THE picture was a comic one to me, and I laughed, wondering how such soft creatures had held the sturdy and virile American race in complete subjection for centuries. But my laugh died as my mind grasped at the obvious explanation. These Hans were only soft physically. Mentally they were hard, efficient, ruthless, and conscienceless.

Impulsively I nosed my swooper down toward the ship and shot toward it at full rocket power. I had acted so swiftly that I had covered nearly half the distance toward the ship before my mind slowly drifted out of the daze of my emotion. This proved my undoing. Their scopeman saw me too quickly, for in heading directly at them I became easily visible, appearing as a steady, expanding point. Looking through their hull, I saw the crew of a dis ray generator come suddenly to attention. A second later their beam engulfed me.

For an instant my heart stood still.
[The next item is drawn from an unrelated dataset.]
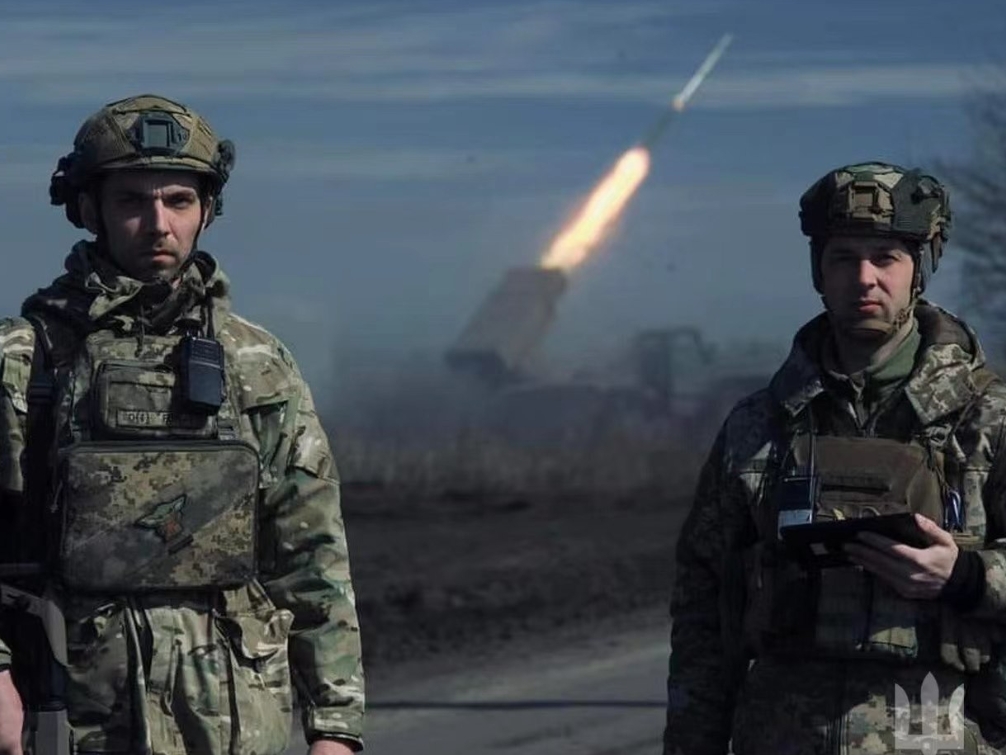 俄罗斯会答应停战谈判的事情？2014年，俄军打乌克兰，乌军一枪不发就逃跑。签署了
But the inertron shell of my swooper was impervious to the disintegrator ray. I was out of luck, however, so far as my control over my tiny ship was concerned. I had been hurtling in a direct line toward the ship when the beam found me. Now, when I tried to swerve out of the beam, the swooper responded but sluggishly to the shift I made in the rocket angle. I was, of course, traveling straight down a beam of vacuum. As my craft slowly nosed to the edge of the beam, the air rushing into this vacuum from all sides threw it back in again.